Note : I stripped all comment lines for sake of brevity:

[ansible@ansible-host01 templates]$ pwd
[ansible@ansible-host01 templates]$ grep -v ^# elasticsearch.yml.j2
{% if elasticsearch_cluster_name is defined %}
cluster.name: {{ elasticsearch_cluster_name }}
{% endif %}


{% if elasticsearch_node_name is defined %}
node.name: {{ elasticsearch_node_name }}
{% endif %}


{% if elasticsearch_node_master is defined %}
node.master: {{ elasticsearch_node_master }}
{% endif %}
{% if elasticsearch_node_data is defined %}
node.data: {{ elasticsearch_node_data }}
{% endif %}


{% if elasticsearch_memory_bootstrap_mlockall is defined %}
bootstrap.mlockall: {{ elasticsearch_memory_bootstrap_mlockall }}
{% endif %}

The template  file when run in the play is then transformed using the provided variables and copied into place on my  ELK host target VM…
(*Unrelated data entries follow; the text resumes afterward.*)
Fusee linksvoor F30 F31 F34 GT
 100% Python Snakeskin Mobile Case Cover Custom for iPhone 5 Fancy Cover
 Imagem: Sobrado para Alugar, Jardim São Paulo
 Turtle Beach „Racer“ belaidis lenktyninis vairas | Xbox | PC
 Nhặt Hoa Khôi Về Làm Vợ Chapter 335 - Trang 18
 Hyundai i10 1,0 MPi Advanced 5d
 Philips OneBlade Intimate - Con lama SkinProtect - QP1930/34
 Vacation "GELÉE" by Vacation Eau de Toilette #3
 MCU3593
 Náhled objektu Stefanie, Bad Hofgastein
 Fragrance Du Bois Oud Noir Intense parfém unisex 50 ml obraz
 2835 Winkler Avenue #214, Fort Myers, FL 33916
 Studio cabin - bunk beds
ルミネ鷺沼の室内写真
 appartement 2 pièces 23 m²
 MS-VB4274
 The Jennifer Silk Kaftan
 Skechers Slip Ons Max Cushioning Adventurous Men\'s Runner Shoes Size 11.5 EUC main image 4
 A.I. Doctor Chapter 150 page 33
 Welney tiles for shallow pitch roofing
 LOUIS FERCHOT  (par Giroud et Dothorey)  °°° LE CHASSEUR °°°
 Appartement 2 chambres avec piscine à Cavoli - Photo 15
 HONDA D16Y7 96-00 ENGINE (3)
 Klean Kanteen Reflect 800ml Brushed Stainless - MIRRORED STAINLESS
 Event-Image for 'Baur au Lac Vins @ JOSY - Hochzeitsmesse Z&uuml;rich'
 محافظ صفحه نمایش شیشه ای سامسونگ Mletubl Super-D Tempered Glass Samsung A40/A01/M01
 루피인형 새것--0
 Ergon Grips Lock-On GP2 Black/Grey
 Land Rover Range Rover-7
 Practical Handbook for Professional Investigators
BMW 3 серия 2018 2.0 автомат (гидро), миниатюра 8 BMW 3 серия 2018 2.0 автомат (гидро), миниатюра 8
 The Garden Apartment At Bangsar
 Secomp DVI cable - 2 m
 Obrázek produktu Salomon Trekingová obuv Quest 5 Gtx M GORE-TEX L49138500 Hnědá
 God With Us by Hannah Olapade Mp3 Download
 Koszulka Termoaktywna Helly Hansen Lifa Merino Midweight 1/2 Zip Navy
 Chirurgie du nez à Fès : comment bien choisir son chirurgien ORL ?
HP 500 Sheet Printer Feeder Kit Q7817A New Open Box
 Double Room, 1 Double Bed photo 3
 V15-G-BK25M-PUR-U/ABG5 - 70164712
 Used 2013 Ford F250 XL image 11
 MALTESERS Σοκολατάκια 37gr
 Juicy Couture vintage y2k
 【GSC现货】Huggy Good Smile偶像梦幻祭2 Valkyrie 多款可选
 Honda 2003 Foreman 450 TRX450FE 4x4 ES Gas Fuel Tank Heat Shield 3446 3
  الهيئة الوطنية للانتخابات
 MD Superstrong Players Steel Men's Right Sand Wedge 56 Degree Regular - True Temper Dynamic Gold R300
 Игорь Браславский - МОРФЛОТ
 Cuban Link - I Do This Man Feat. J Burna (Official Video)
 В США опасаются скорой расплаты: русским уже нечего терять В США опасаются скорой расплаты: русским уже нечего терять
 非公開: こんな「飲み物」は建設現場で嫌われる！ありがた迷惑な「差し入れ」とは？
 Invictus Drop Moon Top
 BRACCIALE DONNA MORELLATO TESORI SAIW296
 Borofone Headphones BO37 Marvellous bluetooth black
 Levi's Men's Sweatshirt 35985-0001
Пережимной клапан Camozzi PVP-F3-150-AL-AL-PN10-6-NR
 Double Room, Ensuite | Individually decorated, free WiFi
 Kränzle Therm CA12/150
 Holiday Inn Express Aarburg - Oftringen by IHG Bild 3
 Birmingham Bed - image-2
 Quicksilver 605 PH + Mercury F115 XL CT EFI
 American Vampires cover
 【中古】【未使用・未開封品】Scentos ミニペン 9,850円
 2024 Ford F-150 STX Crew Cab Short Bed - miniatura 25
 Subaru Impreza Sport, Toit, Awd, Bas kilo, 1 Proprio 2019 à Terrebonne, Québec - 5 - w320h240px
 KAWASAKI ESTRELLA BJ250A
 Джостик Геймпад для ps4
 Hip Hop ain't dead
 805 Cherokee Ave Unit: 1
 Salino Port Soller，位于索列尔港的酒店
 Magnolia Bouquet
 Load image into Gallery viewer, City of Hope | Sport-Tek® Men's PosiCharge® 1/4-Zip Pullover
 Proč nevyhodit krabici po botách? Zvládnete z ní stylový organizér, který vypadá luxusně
- name: copy elasticsearch defaults file
 become: true
 template: src=elasticsearch.default.j2 dest=/etc/sysconfig/elasticsearch owner={{ elasticsearch_user }} group={{ elasticsearch_group }} mode=0644
 - restart elasticsearch
 tags: elastic

So let’s see how our playbook runs and what the output looks like

[ansible@ansible-host01 elk]$ ansible-playbook -i ./production site.yml \
--tags "config,elastic" --ask-sudo-pass
SUDO password:

PLAY [elastic-hosts] **********************************************************

GATHERING FACTS ***************************************************************
ok: []

TASK: [config | install java 8 runtime] ***************************************
ok: []

TASK: [config | set swappiness in sysctl/systemd] *****************************
ok: []

TASK: [config | set maximum map count in sysctl/systemd] **********************
ok: []

TASK: [config | set hard limits for open files] *******************************
ok: []

TASK: [config | set soft limits for open files] *******************************
ok: []

TASK: [config | set max locked memory] ****************************************
ok: []

TASK: [config | Install wget package (Fedora based)] **************************
ok: []

TASK: [elastic | install elasticsearch signing key] ***************************
changed: []

TASK: [elastic | copy elasticsearch repo] *************************************
ok: []

TASK: [elastic | check for previous elasticsearch installation] ***************
changed: []

TASK: [elastic | uninstalling previous version if applicable] *****************
skipping: []

TASK: [elastic | install elasticsearch pkgs] **********************************
skipping: []

TASK: [elastic | copy elasticsearch configuration file] ***********************
ok: []

TASK: [elastic | copy elasticsearch defaults file] ****************************
ok: []

TASK: [elastic | set max memory limit in systemd file (RHEL/CentOS 7+)] *******
changed: []

TASK: [elastic | set log directory permissions] *******************************
ok: []

TASK: [elastic | set data directory permissions] ******************************
ok: []

TASK: [elastic | ensure elasticsearch running and enabled] ********************
ok: []

TASK: [elastic | check marvel plugin installed] *******************************
ok: []

TASK: [elastic | install marvel plugin] ***************************************
skipping: []

NOTIFIED: [elastic | restart elasticsearch] ***********************************
changed: []

PLAY RECAP ******************************************************************** : ok=19 changed=4 unreachable=0 failed=0

[ansible@ansible-host01 elk]$

I can verify that my ES cluster is working by querying the Cluster API – note that the red status is down to the fact I have no other cluster nodes yet on which to replicate the index shards:

# curl -XGET http://localhost:9200/_cluster/health?pretty
 "cluster_name" : "nx-elastic",
 "status" : "red",
 "timed_out" : false,
 "number_of_nodes" : 1,
 "number_of_data_nodes" : 1,
 "active_primary_shards" : 0,
 "active_shards" : 0,
 "relocating_shards" : 0,
 "initializing_shards" : 0,
 "unassigned_shards" : 0,
 "delayed_unassigned_shards" : 0,
 "number_of_pending_tasks" : 0,
 "number_of_in_flight_fetch" : 0

You can use further API queries to verify that the desired configuration is in place and at that point you have a solid, repeatable deployment with a known outcome ie: you are doing DevOps.